Which brings me to today’s topic, which is Taking a Step Back. I normally try to write six days a week, but this past weekend I was too tired to write, plus there was a book I really wanted to finish reading. At first I felt guilty about not sitting down at the computer, but before long I realized that I needed a short break from writing. I needed to take a step back. I sat down on Monday morning with a renewed energy for writing, and with a renewed interest in my story. Taking a step back gave me a fresh perspective, and I was glad I had taken the weekend off.
Taking a step back can be a great way to find new solutions to old problems. It can force us to take a slow, deep breath when we’re about to hyperventilate. And it doesn’t have to be for a whole weekend. It can be for twenty minutes or an hour or the time it takes to eat a whole package of Oreos. The point is, stepping back from a task or a problem allows us to refresh, renew, and refocus. Anyone who’s ever been on vacation knows this.
Taking a step back works for my daughter’s math problems. It works when I feel offended or angry and my instinct is to say something snarky. It works when I’m too tired to keep my eyes open another minute. It works when I feel like I’m going to scream if I have to fold just one more piece of laundry.
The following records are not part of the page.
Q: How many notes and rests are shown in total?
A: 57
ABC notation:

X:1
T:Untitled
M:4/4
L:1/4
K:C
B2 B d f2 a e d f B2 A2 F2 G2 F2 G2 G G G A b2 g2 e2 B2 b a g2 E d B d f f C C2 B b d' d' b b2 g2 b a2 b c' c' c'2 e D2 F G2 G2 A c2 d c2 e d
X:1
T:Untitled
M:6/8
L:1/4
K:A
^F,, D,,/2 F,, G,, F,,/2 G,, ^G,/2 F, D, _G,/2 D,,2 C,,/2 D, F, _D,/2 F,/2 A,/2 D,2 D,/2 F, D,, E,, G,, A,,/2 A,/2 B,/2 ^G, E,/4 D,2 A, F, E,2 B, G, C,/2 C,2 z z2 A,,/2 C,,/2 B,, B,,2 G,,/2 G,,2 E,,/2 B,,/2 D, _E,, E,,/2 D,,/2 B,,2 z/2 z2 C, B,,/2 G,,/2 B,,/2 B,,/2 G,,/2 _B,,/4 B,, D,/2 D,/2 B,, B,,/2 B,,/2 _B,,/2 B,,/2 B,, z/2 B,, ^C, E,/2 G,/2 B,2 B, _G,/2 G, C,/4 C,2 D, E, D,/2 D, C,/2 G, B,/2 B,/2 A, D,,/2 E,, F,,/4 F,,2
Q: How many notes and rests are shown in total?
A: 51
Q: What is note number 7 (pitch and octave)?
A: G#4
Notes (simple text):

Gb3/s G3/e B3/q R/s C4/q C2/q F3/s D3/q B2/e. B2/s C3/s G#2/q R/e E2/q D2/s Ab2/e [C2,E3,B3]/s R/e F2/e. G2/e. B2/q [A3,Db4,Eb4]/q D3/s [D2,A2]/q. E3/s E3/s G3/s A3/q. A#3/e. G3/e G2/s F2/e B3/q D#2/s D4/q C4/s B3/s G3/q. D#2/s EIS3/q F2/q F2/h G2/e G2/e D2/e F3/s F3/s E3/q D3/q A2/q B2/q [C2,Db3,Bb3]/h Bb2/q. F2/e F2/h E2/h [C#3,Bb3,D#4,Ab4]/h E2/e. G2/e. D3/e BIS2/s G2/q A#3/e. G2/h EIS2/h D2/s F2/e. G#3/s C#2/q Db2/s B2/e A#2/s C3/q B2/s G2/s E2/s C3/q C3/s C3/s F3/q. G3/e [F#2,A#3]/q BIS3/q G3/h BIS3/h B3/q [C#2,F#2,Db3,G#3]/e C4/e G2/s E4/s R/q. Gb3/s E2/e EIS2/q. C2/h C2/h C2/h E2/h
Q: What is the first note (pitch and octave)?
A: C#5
It can feel unnatural to take a step back sometimes. It can feel like the best solution is to force my way through something until it’s done. And don’t get me wrong: there are times when that’s true. But I find that when I take a step back, it’s almost always easier to regain my focus and energy and complete my task, whatever that may be.
So here are today’s words to live by: Take a Step Back.
Until next week,
4 thoughts on “Words to Live By”
Excellent words to live by! I find myself telling my students this all the time- when they are stressed and overwhelmed by all that is happening their life. It is important to take that deep breath, to look around and just take it easy. Then go back to whatever it is you are working in with a renewed perspective.
I feel like i need to do more of that!
I think taking a step back gets easier as we get older. I always felt as a teenager that I didn’t have time to take a step back and breathe deeply, but it really is important. I’m so glad you stopped by and left a comment, Kristen. Thank you!!
‘Take a step back’ are good words to live by! When I get frustrated and I feel like I am about to scream and pout like a three-year-old, I just take a step back. You are right, about vacation. I do feel refreshed when I go on vacation and just take a step back.
Pouting like a three-year-old is seldom useful, so the best thing to do is take a step back!! Thanks for stopping by and for commenting!